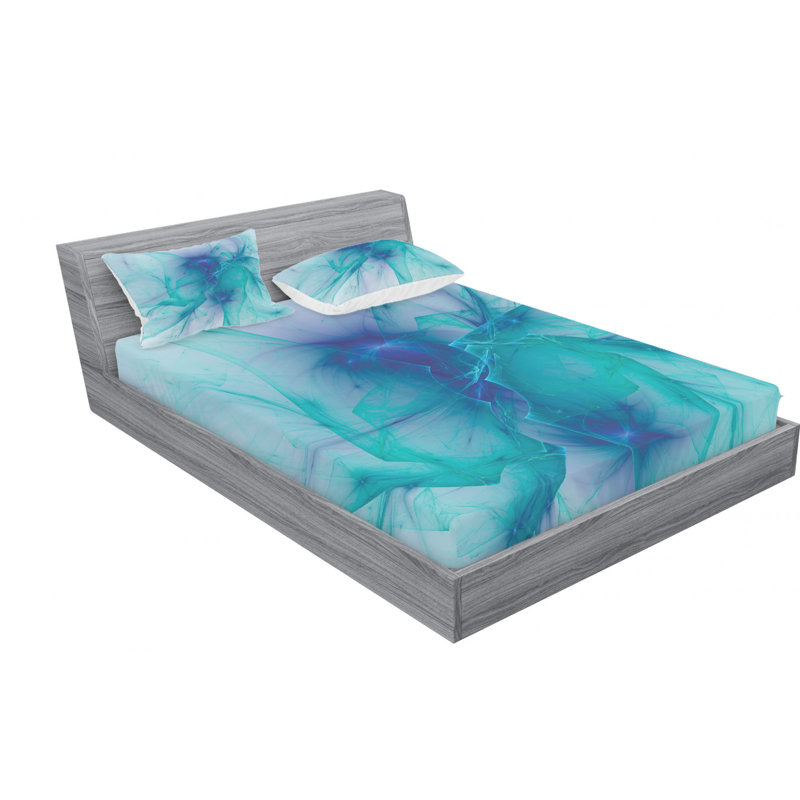 Microfiber Sheet Set, Full Sheet Set with Fitted Sheet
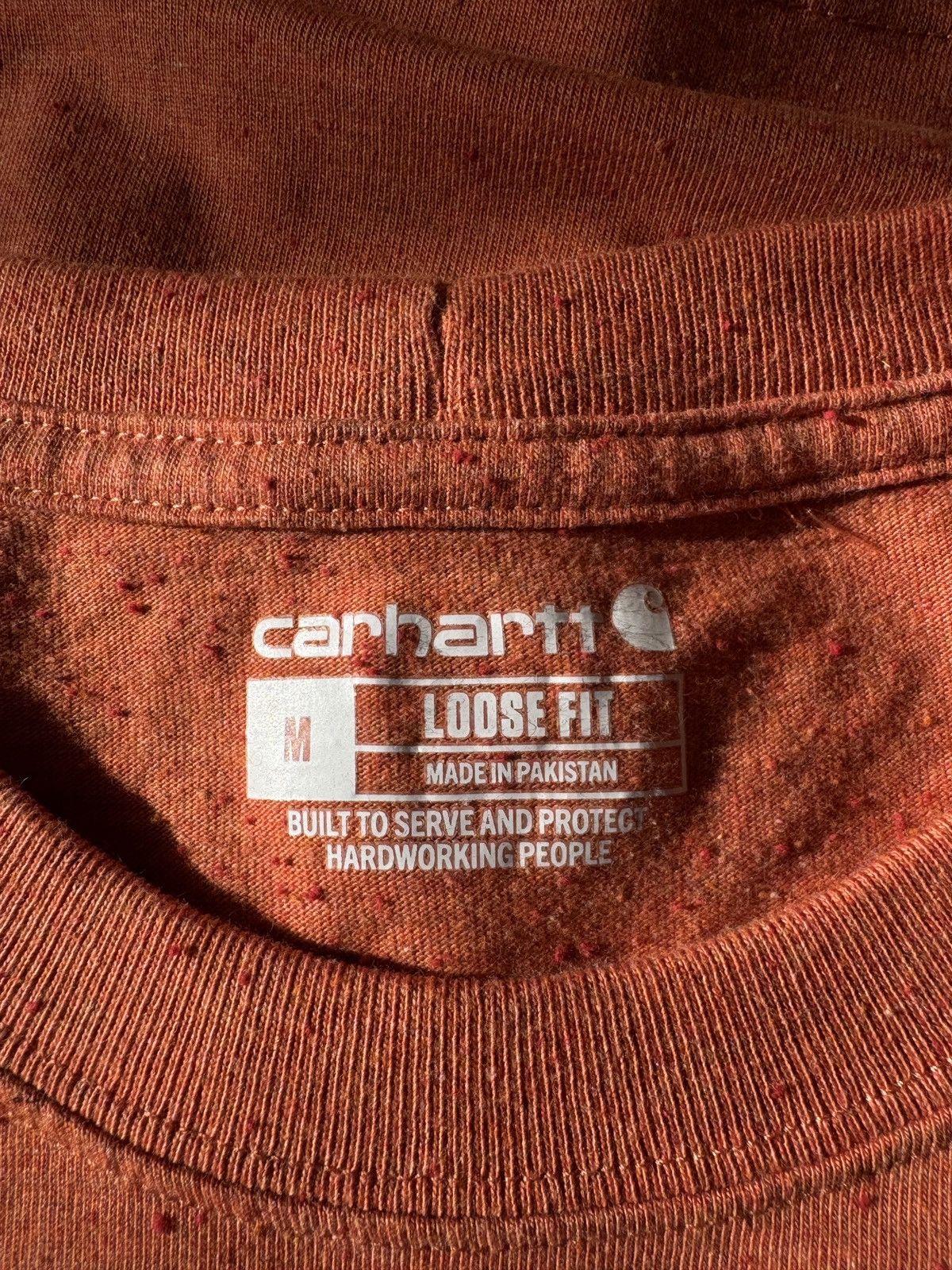 Carhartt 🔥🔥 Carhartt Orange Cotton T-Shirt Size US M / EU 48-50 / 2 - 4 Thumbnail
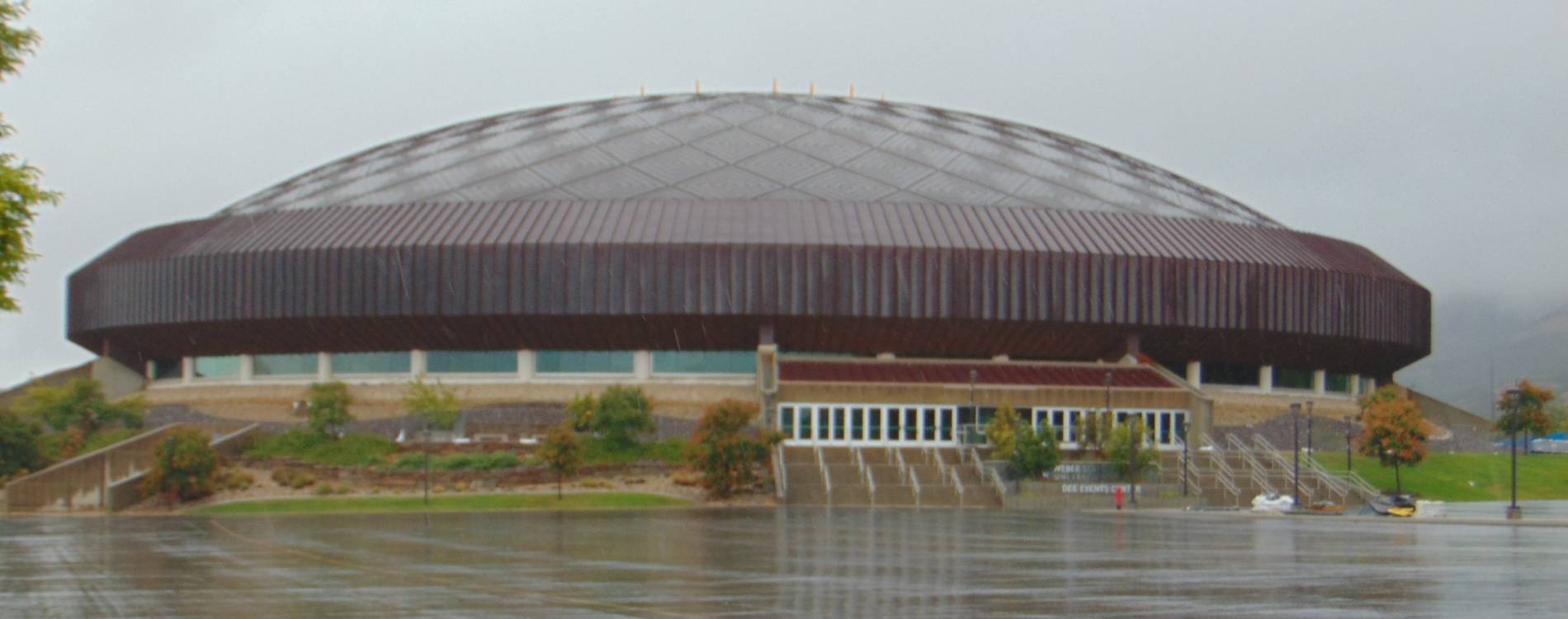 Dee Events Center on the Weber State University campus in Ogden, Utah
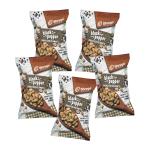 Shrego Black Pepper Roasted Peanuts, Snack & Namkeen, 700G (5X140G)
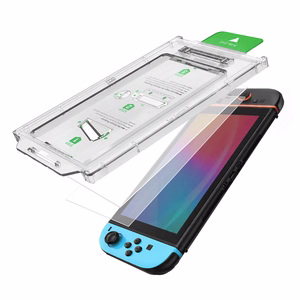 AmazingThing Radix grūdintas stiklas Nintendo Switch 2 (2 vnt.)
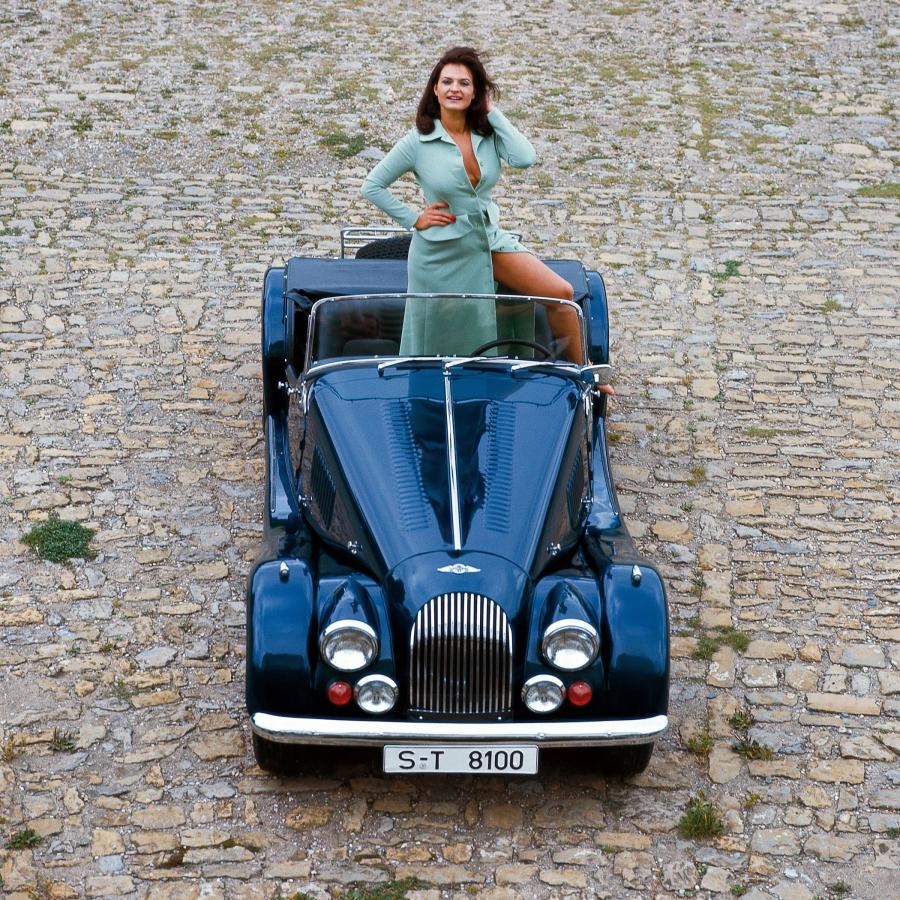  Morgan Plus 8 1968 года  (фото 1 из 17)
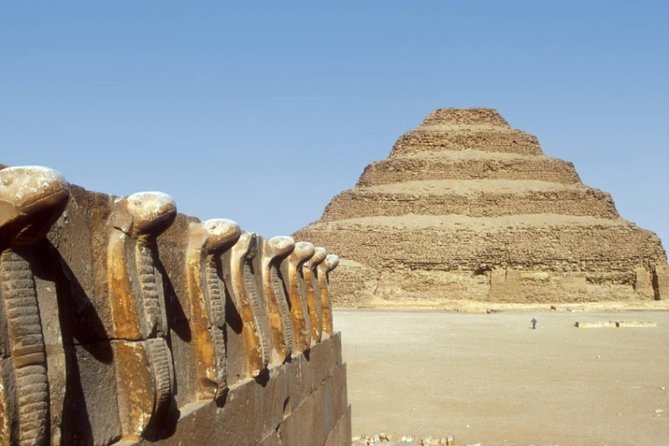 Private Tour Giza Pyramids, Sakkara Pyramid, Memphis City ,Camel Ride With Lunch - Pickup Information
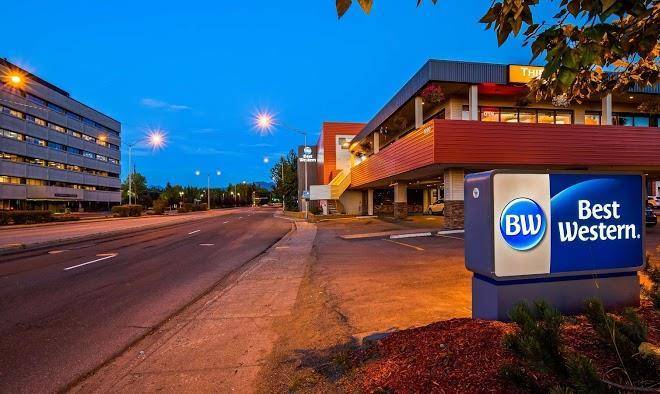 Best western golden lion hotel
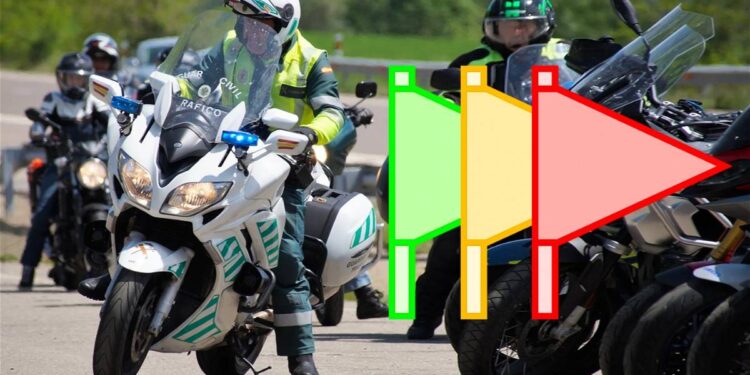 Qué significan las banderas de la Guardia Civil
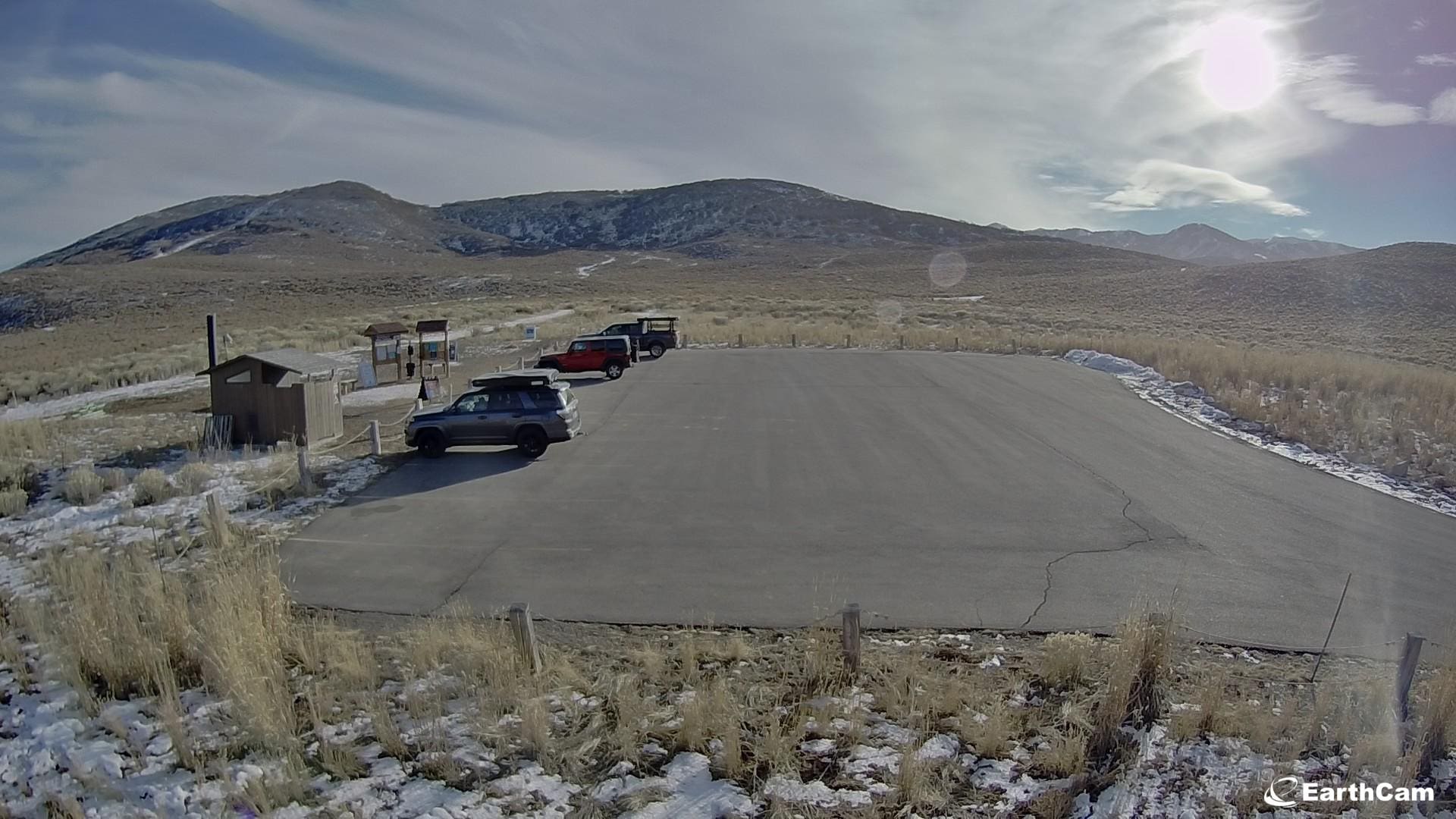 North Round Valley webcam Dec. 28, 2023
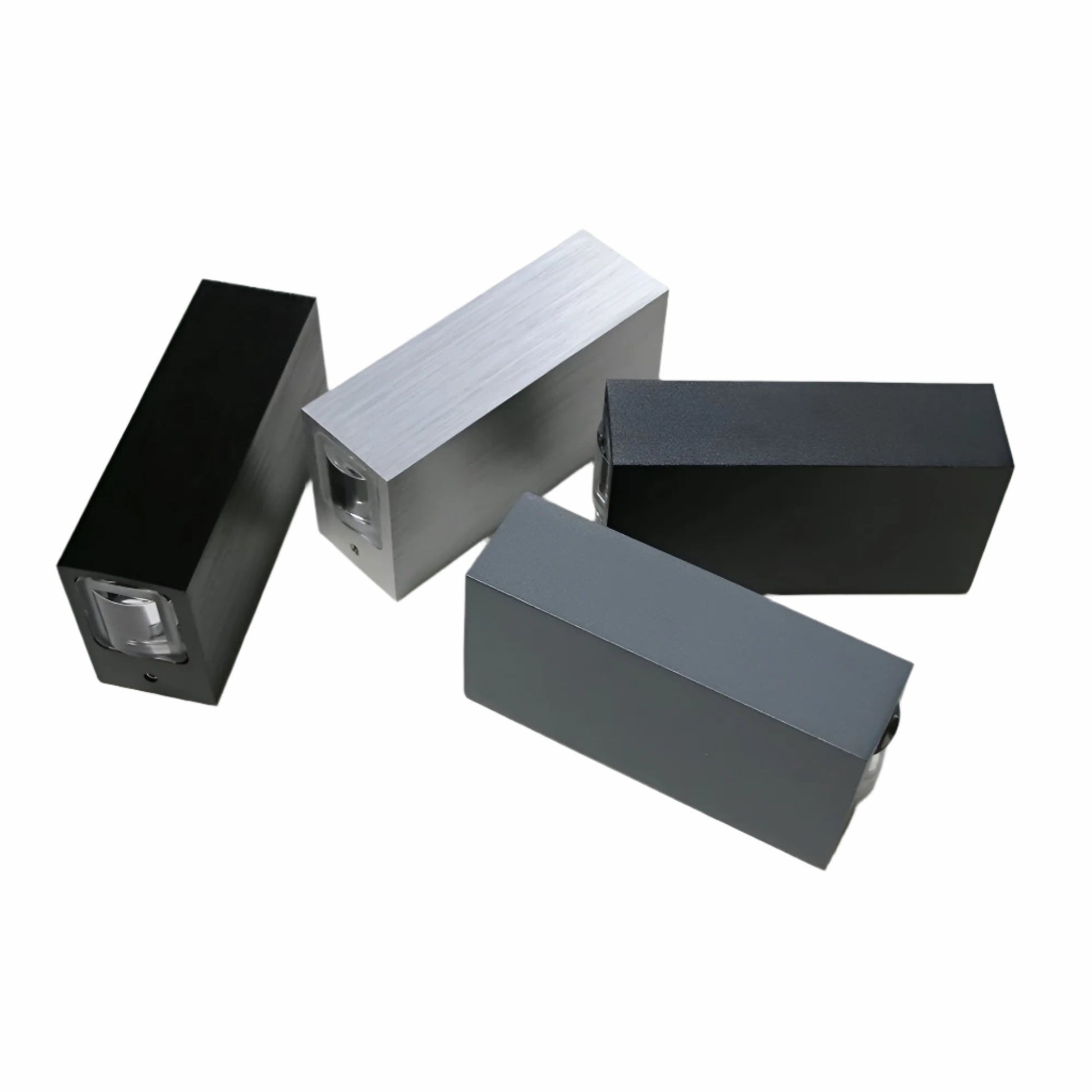 Concrete Look LED Wall Sconce - Modern Indoor/Outdoor Lighting Fixture - Image 1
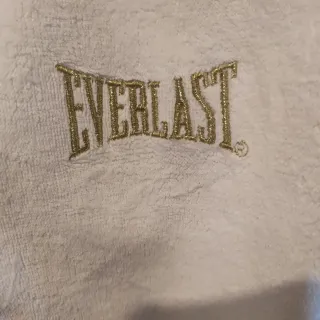 Felpa con cappuccio Everlast bianca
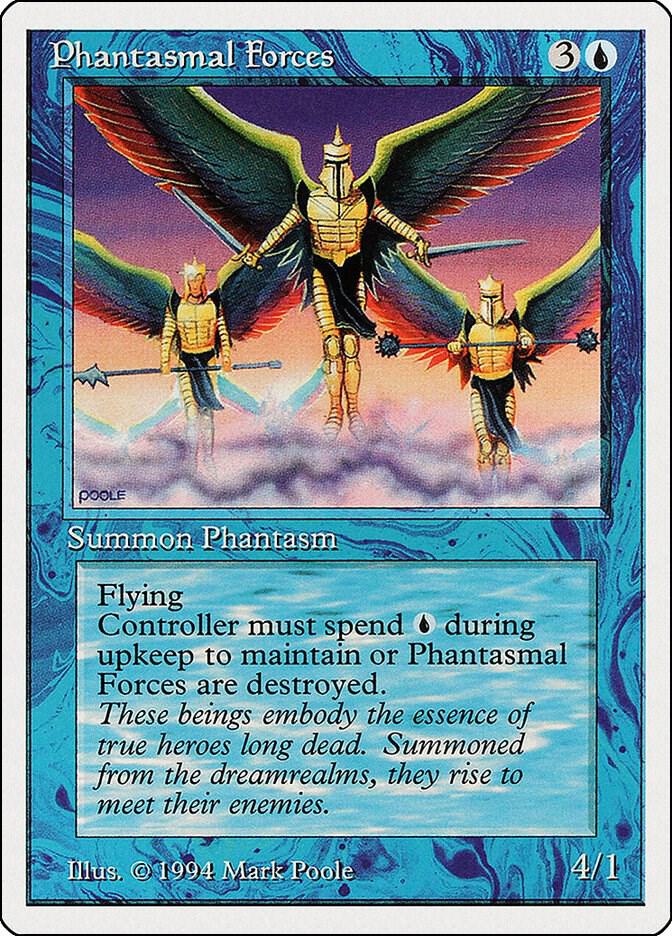 Phantasmal Forces 69 card from Summer Magic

Task ▸ The range to print runs from the line with "Morgan Plus 8" through the last line of the entries, both included; keep it exact and skip the pictures.

Answer to this exercise ▸
  Morgan Plus 8 1968 года  (фото 1 из 17)
 Private Tour Giza Pyramids, Sakkara Pyramid, Memphis City ,Camel Ride With Lunch - Pickup Information
 Best western golden lion hotel
 Qué significan las banderas de la Guardia Civil
 North Round Valley webcam Dec. 28, 2023
 Concrete Look LED Wall Sconce - Modern Indoor/Outdoor Lighting Fixture - Image 1
 Felpa con cappuccio Everlast bianca
 Phantasmal Forces 69 card from Summer Magic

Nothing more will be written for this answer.